Nigeria, Iraq exceed cuts as OPEC achieves 79% compliance
According to S&P Global Platts survey, Saudi Arabia’s continued output discipline, and Venezuela’s struggles under U.S. sanctions led OPEC’s crude oil production in February modestly lower to 30.80 million barrels daily (b/d).
The figure is a 60,000-b/d drop from January, and is OPEC’s lowest output level since March 2015, when Gabon, Equatorial Guinea, and Congo joined the organisation, while Qatar was still a member.
Despite the fall, OPEC still has more cutting to do to fully comply with its supply accord that went into force in January. The 11 members with quotas under the deal achieved 79% of their committed cuts in February, and remained 170,000 b/d above their collective ceiling. This is a slight improvement on January’s 76%, with Nigeria and Iraq producing far in excess of their cap, according to Platts calculations.
Venezuela and Iran, both under U.S. sanctions, and Libya, where instability continues to impact output, are exempted from the deal.
According to the data, Nigeria, which was exempted from the previous deal, but agreed to a quota under the current accord, pumped 1.88 million b/d in February, the survey found, 190,000 b/d above its cap.
President Muhammadu Buhari had last month said Nigeria could consider a reduction in crude oil production in support of efforts to shore up the price of the commodity.
A statement by the Senior Special Assistant to the President on Media and Publicity, Garba Shehu, had quoted Buhari as saying: “as a responsible member of the OPEC, Nigeria is willing to go along with the Saudi initiative in limiting output so that prices would go up.”
Nigeria has started production from new field Egina, though the oil minister, Ibe Kachikwu, had suggested that he may seek to have those barrels classified by OPEC as condensate, which is not subject to the quotas.
Assay of the crude from the field, however, show an API gravity of 27.5, significantly heavier than typical condensates.
Nigeria also considers Agbami grade as a condensate, while S&P Global Platts and some other secondary sources used by OPEC to monitor production classify it as crude.
The agreement, which runs through June, calls on OPEC and 10 non-OPEC allies, including major producer Russia, to cut a combined 1.2 million b/d in supplies to help shore up oil prices.
The February output figures will be reviewed by a six-country monitoring committee of the OPEC/non-OPEC coalition, which meets March 18, in Azerbaijan, to discuss market conditions and assess compliance with the deal. The committee is co-chaired by Saudi Arabia and Russia.
Saudi Arabia, OPEC’s largest producer, has made good on its pledge to lead the coalition by example, slashing its output to 10.15 million b/d in February, the survey found. That is 160,000 b/d below its quota of 10.31 million b/d and the kingdom’s lowest output level since May 2018.
Energy minister, Khalid al-Falih, has signalled that the kingdom may go even lower in March, to 9.8 million b/d.
Venezuela, whose oil production has been declining for years due to underinvestment, technical problems and labor issues, pumped 1.10 million b/d in February, down 60,000 b/d month on month, as it has struggled to sell its crude since US sanctions were imposed in late January.
At the end of February, Venezuela had 10.8 million barrels of crude sitting dockside without a buyer.

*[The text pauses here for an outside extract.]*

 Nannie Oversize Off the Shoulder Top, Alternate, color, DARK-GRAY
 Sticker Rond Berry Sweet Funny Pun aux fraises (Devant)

The country’s output is down 910,000 b/d in two years and the lowest since an industry strike in late 2002 and early 2003, according to Platts survey data, with analysts projecting further erosion due to the sanctions.
Iran managed to keep production steady in February, at 2.72 million b/d, the survey found, as several buyers in the month took advantage of sanctions waivers the US granted to eight countries to purchase Iranian crude.
The waivers expire in May, and the Trump administration has not provided any indication whether they will be extended or amended.
Iraq produced 4.67 million b/d in February, according to the survey, 160,000 b/d above its quota.
The country has consistently lagged in compliance with its committed cap, both under the current deal and under the previous accord, which ran from 2017 to 2018. Iraqi officials have sought exemptions from the deal, saying their war-torn country needs oil revenues to rebuild from its devastating fight against the Islamic State. But other members have pressured the country — largely to no avail — to conform with its quota.